REQUIRED ACTION: For this exercise, output the entries below exactly from the line that holds "cordoeil_2017_115.JPG" to the line that holds "Attēlu rezultāti vaicājumam", both ends included. No pictures belong in the copy.

GIVEN DATA:
..............................

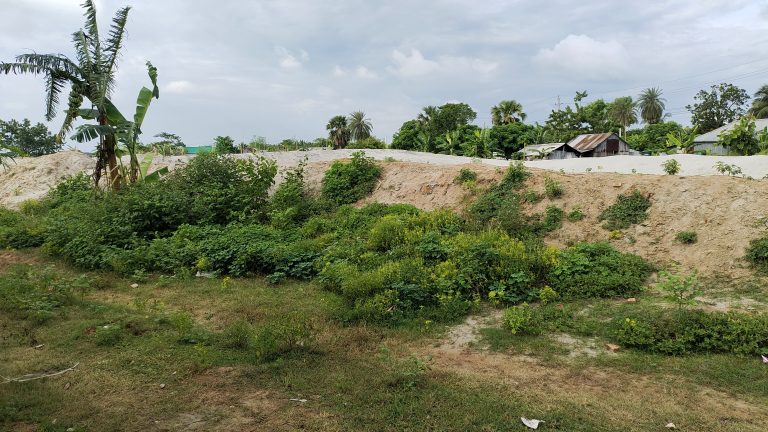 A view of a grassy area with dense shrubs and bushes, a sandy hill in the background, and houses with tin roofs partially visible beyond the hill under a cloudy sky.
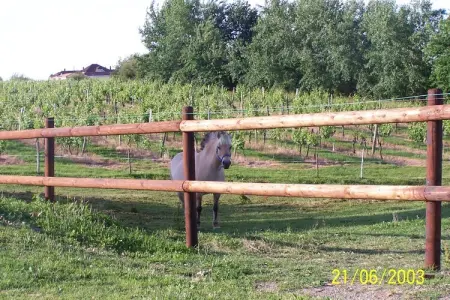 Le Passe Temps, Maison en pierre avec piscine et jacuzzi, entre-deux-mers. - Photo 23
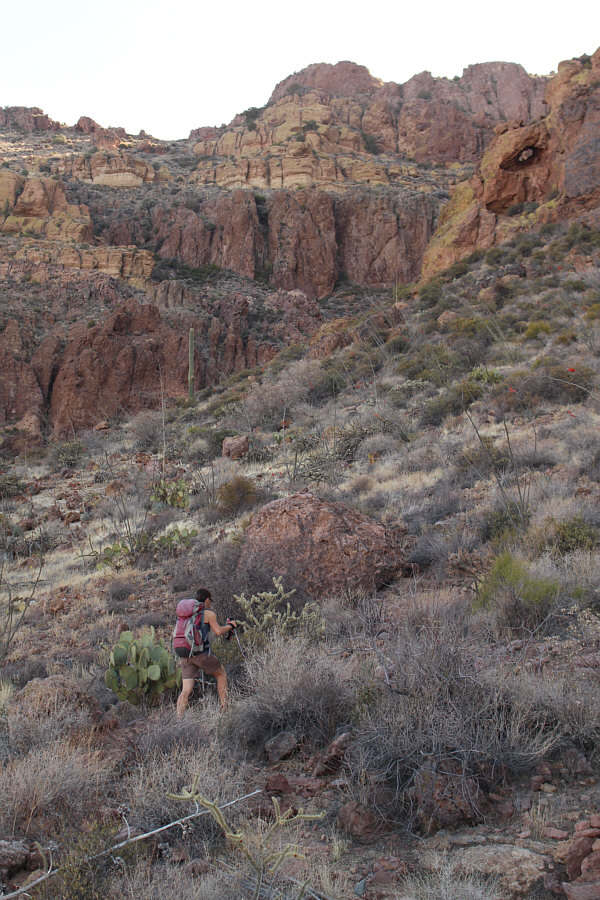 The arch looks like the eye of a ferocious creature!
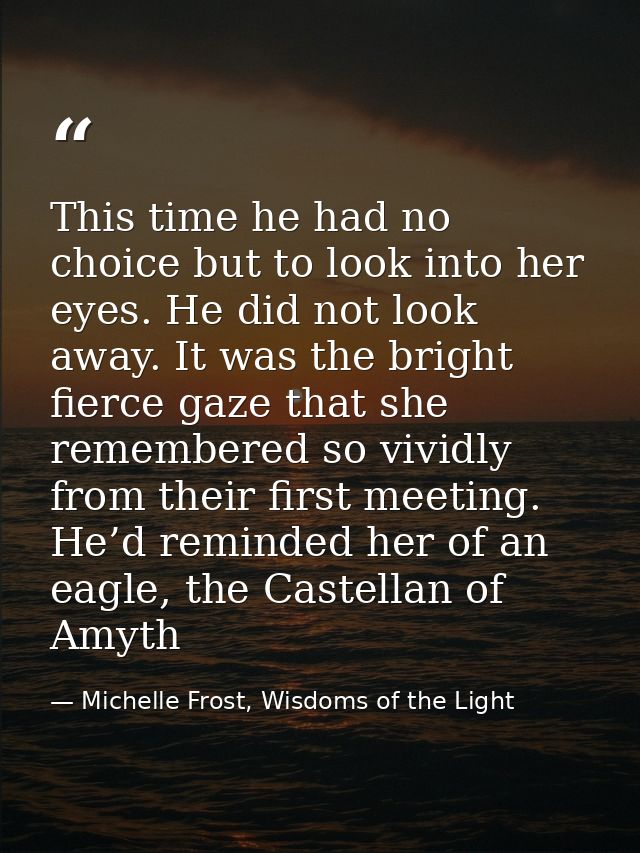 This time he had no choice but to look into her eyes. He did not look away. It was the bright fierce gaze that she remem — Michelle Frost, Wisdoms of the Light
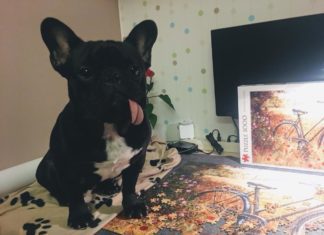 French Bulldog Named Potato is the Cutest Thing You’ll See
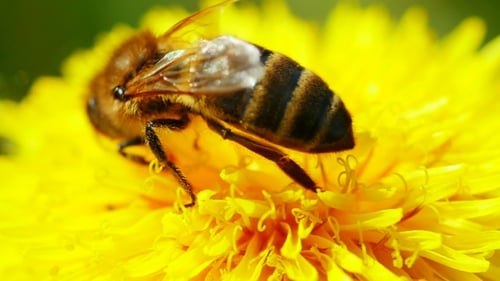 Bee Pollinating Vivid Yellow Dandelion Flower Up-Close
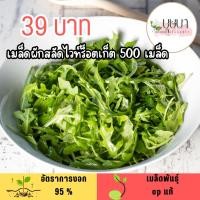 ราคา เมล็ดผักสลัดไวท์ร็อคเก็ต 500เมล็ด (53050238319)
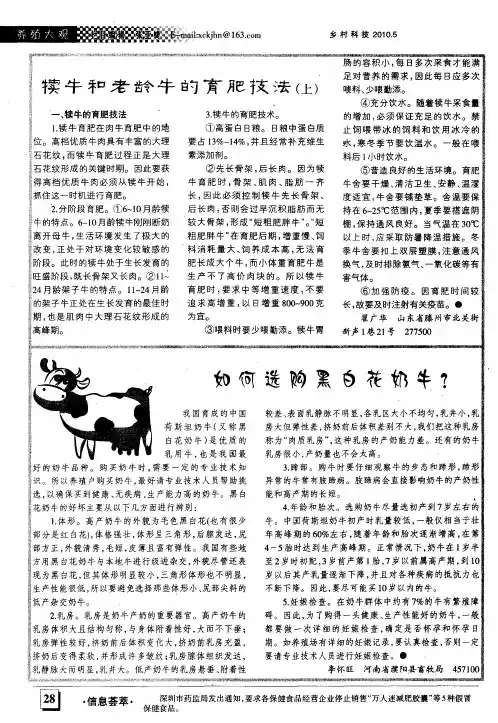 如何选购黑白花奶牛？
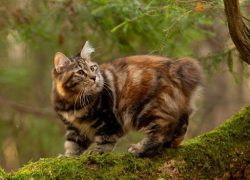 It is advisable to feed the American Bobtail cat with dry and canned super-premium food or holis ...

..............................

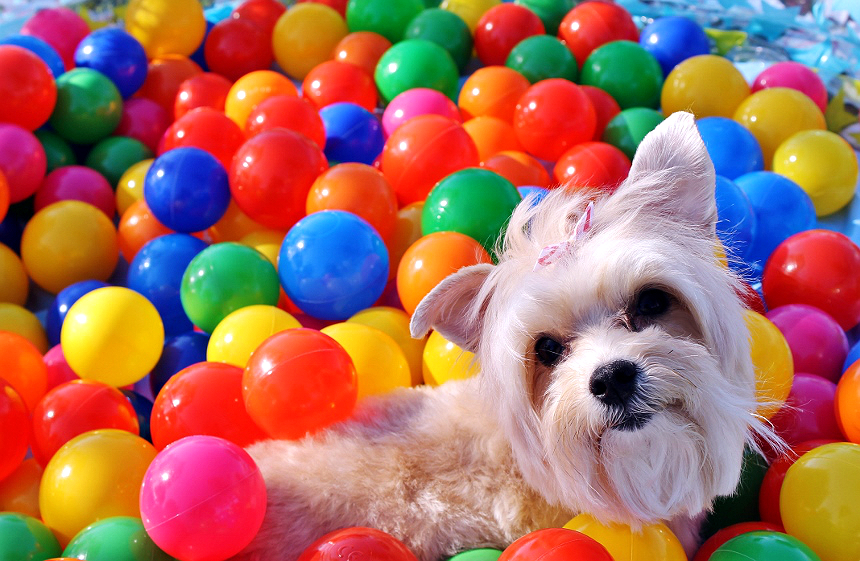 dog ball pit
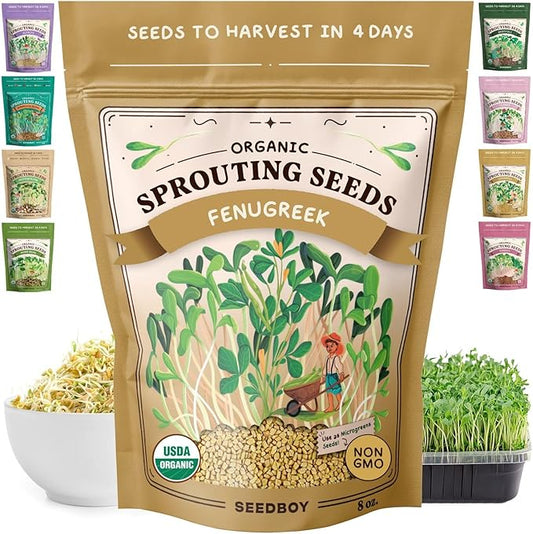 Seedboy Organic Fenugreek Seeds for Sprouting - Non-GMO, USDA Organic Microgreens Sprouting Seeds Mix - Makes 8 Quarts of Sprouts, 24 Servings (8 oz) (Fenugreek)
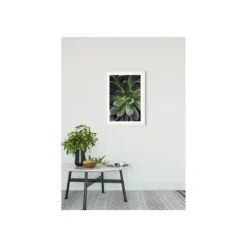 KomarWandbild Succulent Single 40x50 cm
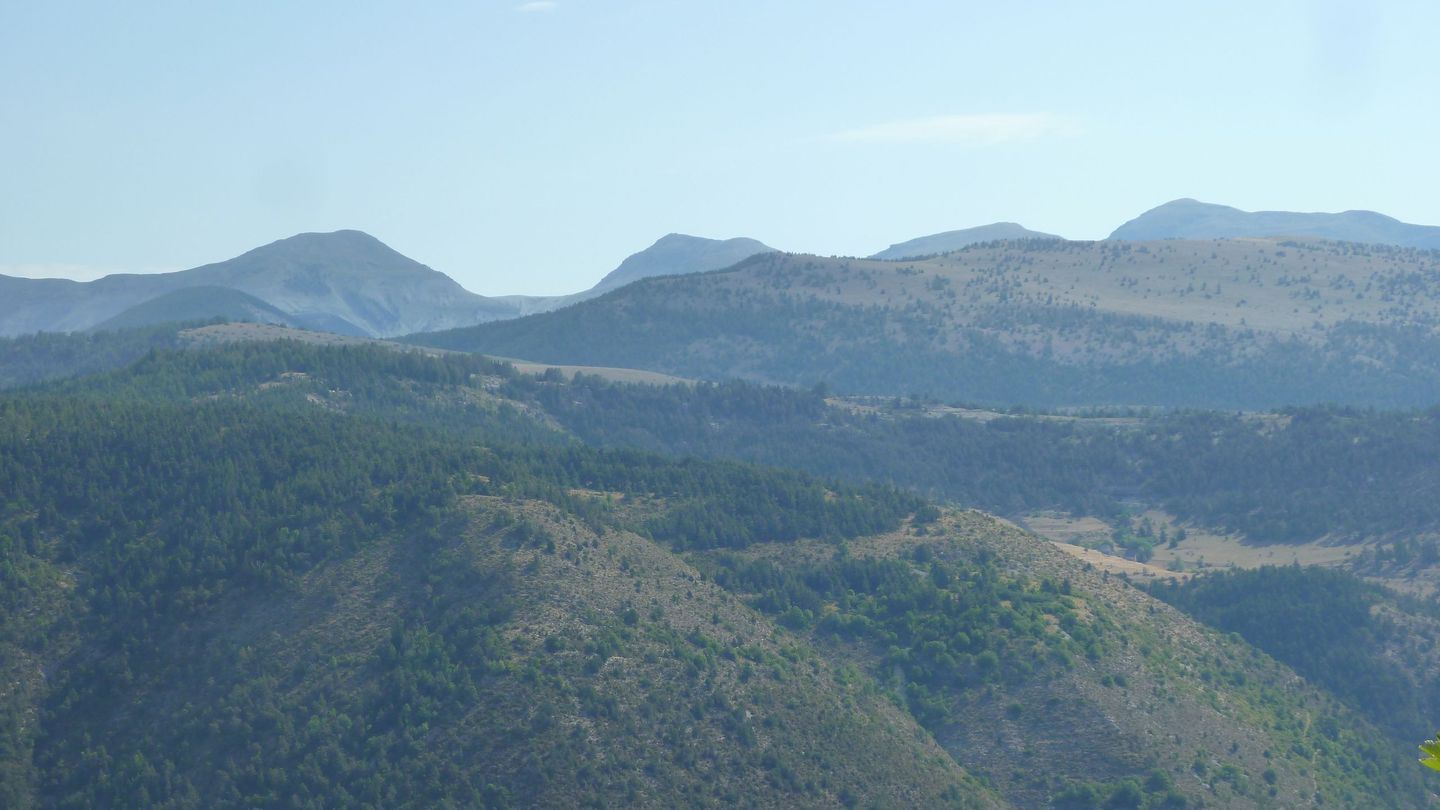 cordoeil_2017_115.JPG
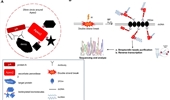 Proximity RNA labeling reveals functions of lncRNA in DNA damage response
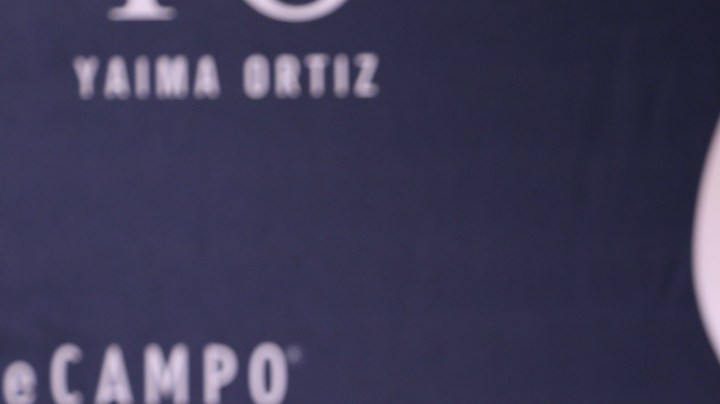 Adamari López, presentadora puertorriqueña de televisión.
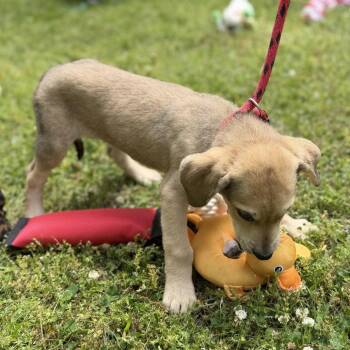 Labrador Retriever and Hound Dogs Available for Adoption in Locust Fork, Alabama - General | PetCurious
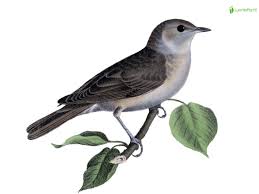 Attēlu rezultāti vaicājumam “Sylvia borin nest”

..............................

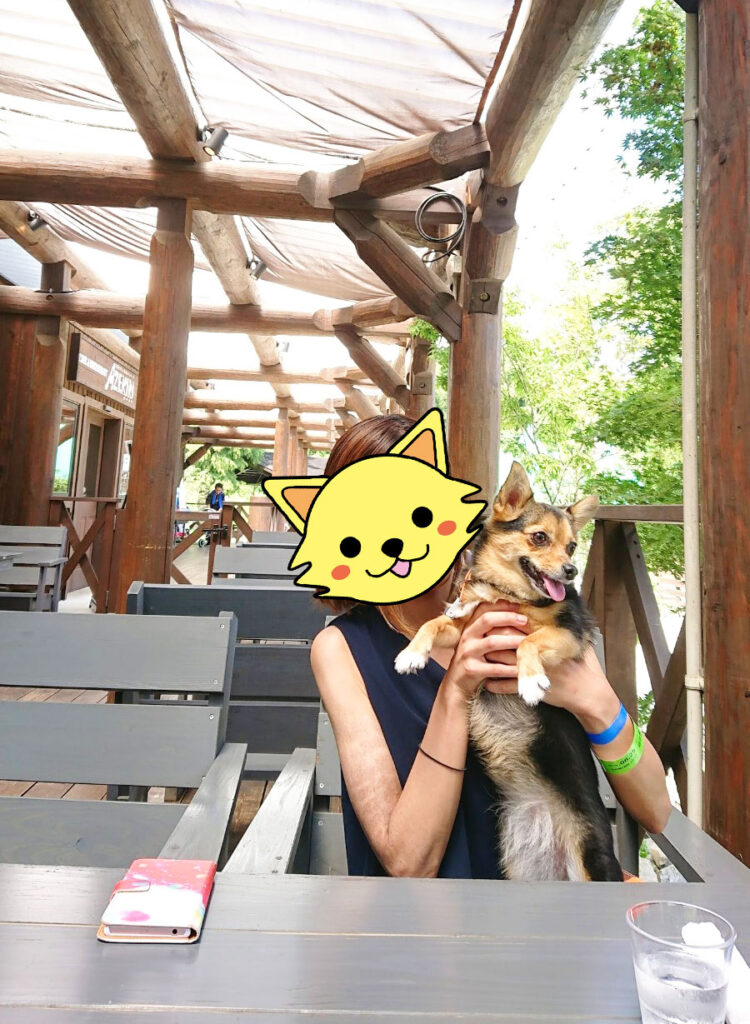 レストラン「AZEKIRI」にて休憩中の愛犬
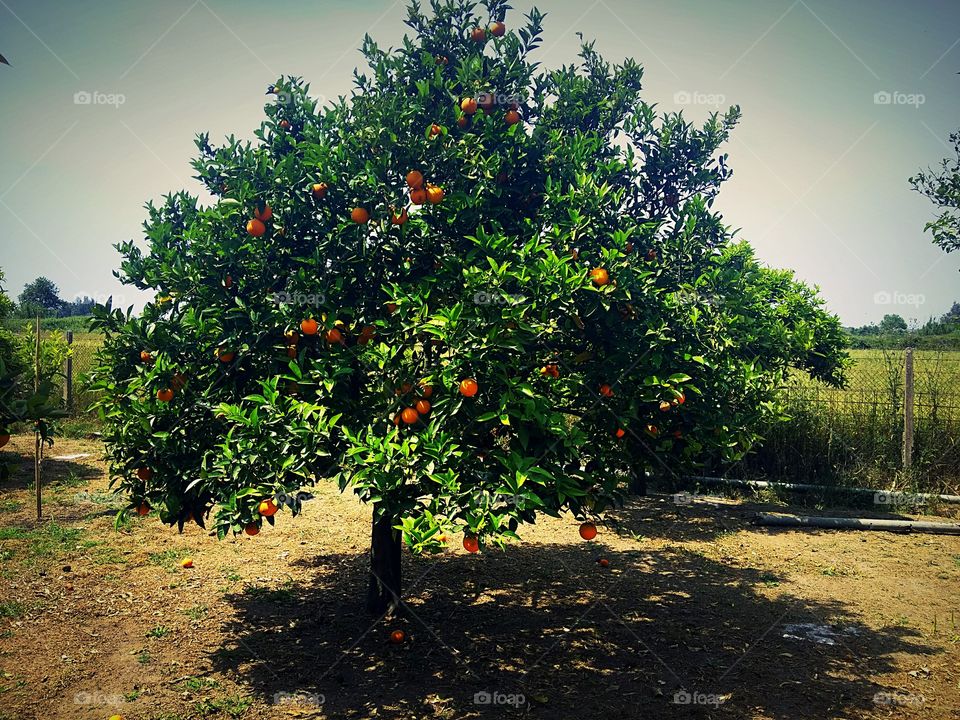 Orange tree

..............................

EXPECTED OUTPUT:
 cordoeil_2017_115.JPG
 Proximity RNA labeling reveals functions of lncRNA in DNA damage response
 Adamari López, presentadora puertorriqueña de televisión.
 Labrador Retriever and Hound Dogs Available for Adoption in Locust Fork, Alabama - General | PetCurious
 Attēlu rezultāti vaicājumam “Sylvia borin nest”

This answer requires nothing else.